TRY IT:
When you reach the line with "1340 - An antique" in the data below, begin printing lines exactly, and stop once the line with "office space with" has been printed.

DATA:
★ ★ ★ ★ ★ ★ ★

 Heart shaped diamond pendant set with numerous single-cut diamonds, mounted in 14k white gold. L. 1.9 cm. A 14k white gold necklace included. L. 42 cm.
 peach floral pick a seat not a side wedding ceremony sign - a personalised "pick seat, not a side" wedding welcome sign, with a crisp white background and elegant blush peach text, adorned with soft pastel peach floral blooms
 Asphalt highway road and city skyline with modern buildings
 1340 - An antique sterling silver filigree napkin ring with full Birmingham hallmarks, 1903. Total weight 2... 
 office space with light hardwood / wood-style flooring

★ ★ ★ ★ ★ ★ ★

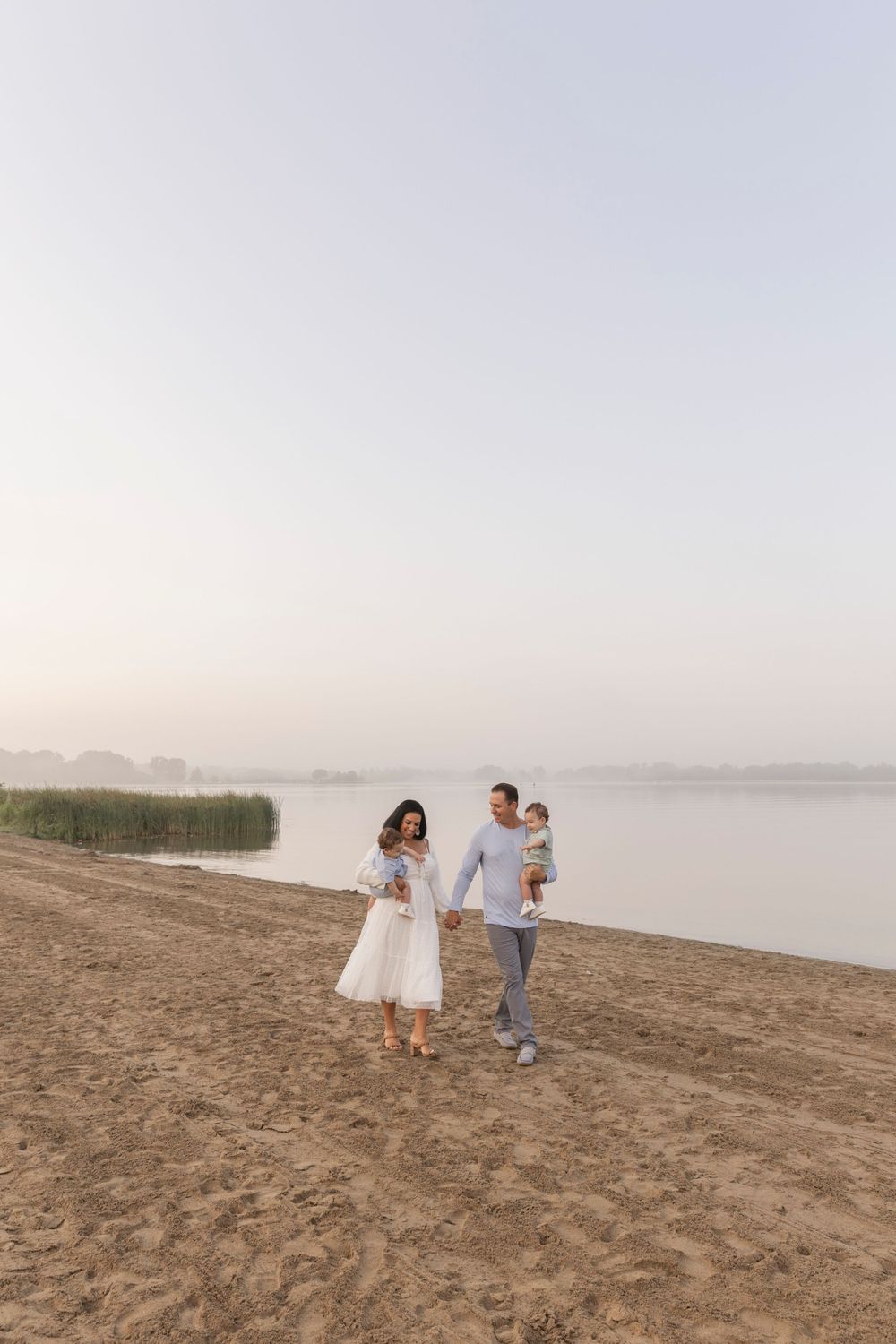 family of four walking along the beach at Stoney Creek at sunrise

★ ★ ★ ★ ★ ★ ★

SOLUTION FOR THIS TASK:
 1340 - An antique sterling silver filigree napkin ring with full Birmingham hallmarks, 1903. Total weight 2... 
 office space with light hardwood / wood-style flooring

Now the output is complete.